• EXERCISE DETAILS
No pictures go into the copy. Write out exactly the lines below from the one containing "아로마 효정포레스트 홈타이 제휴업체 이미지" through the one containing "Retro-D0rt5E_5Emund-Home-Men-Shirt-1996-97".

SUPPLIED INFORMATION Block Start

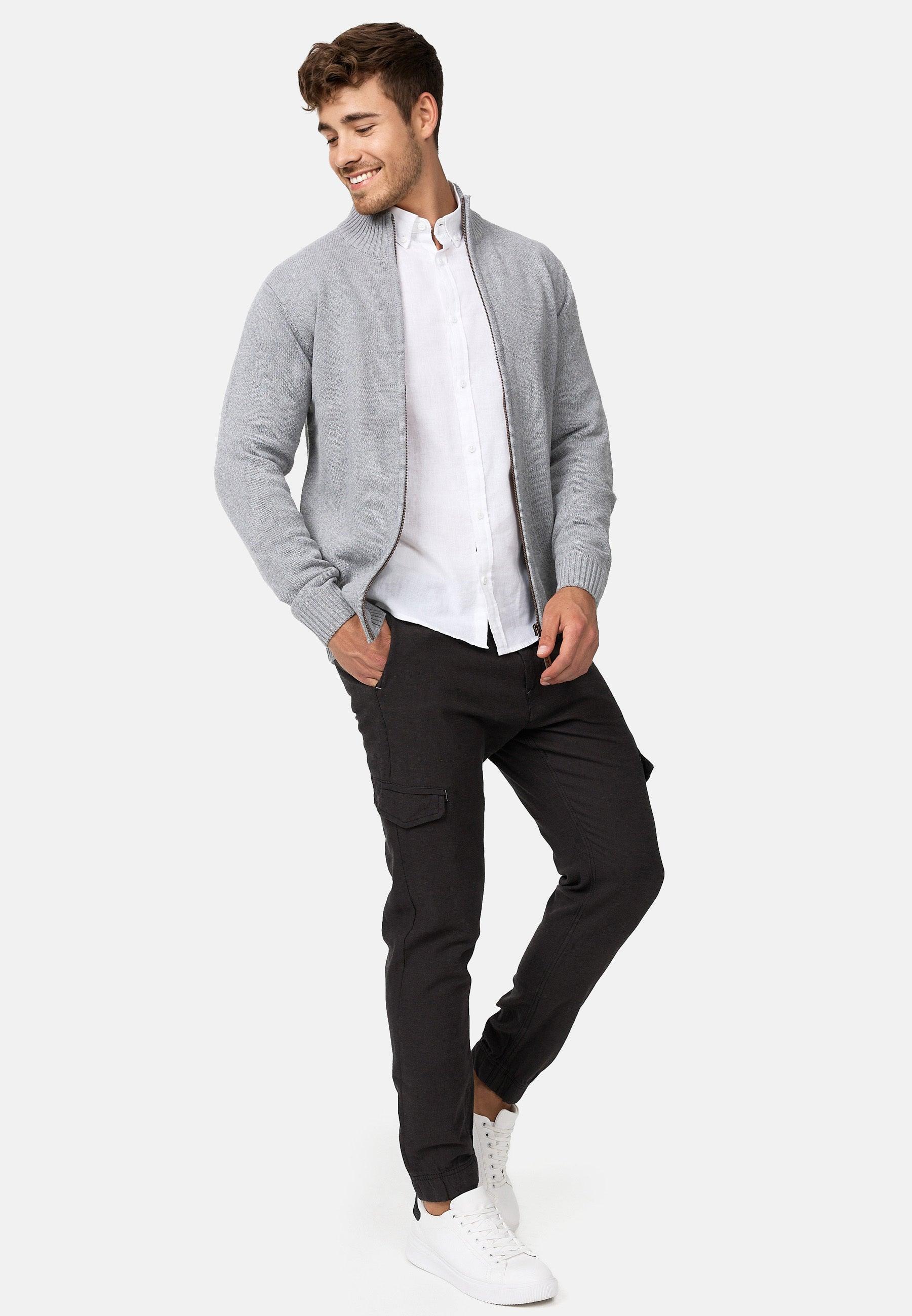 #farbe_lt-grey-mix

SUPPLIED INFORMATION Block End
SUPPLIED INFORMATION Block Start

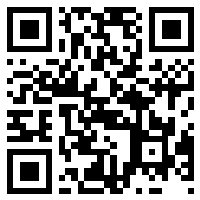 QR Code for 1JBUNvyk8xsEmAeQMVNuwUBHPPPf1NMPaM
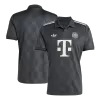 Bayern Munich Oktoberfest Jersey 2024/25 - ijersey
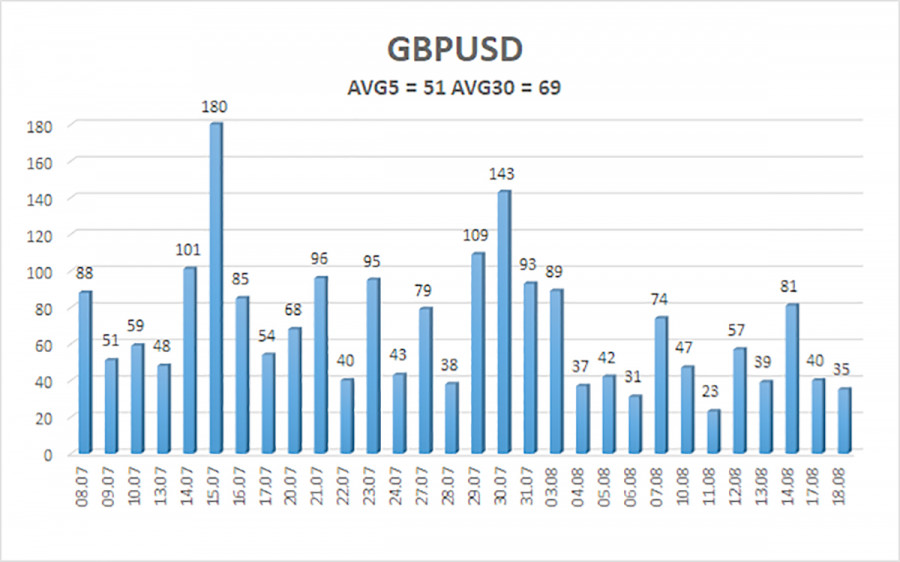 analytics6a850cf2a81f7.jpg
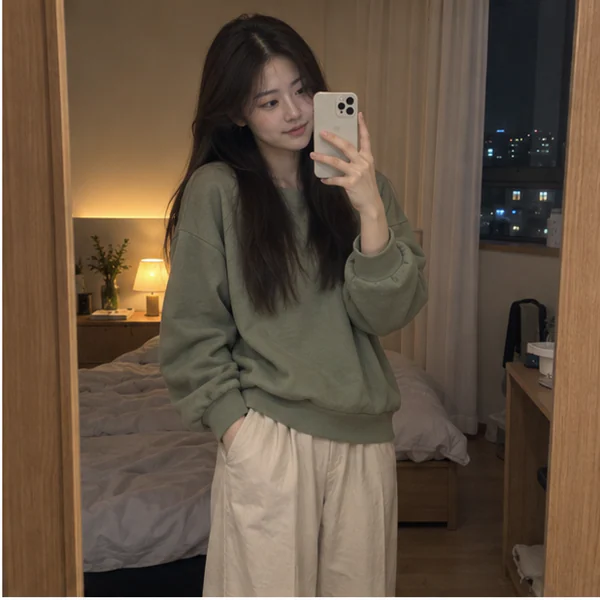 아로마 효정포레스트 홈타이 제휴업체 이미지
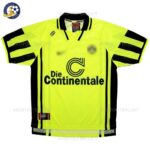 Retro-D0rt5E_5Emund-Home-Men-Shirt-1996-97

SUPPLIED INFORMATION Block End
SUPPLIED INFORMATION Block Start

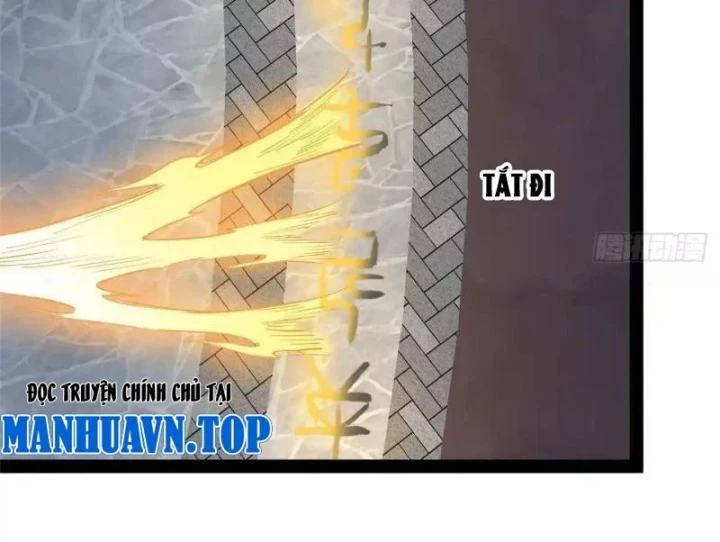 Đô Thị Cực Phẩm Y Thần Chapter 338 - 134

SUPPLIED INFORMATION Block End

• ANSWER BOX
 아로마 효정포레스트 홈타이 제휴업체 이미지
 Retro-D0rt5E_5Emund-Home-Men-Shirt-1996-97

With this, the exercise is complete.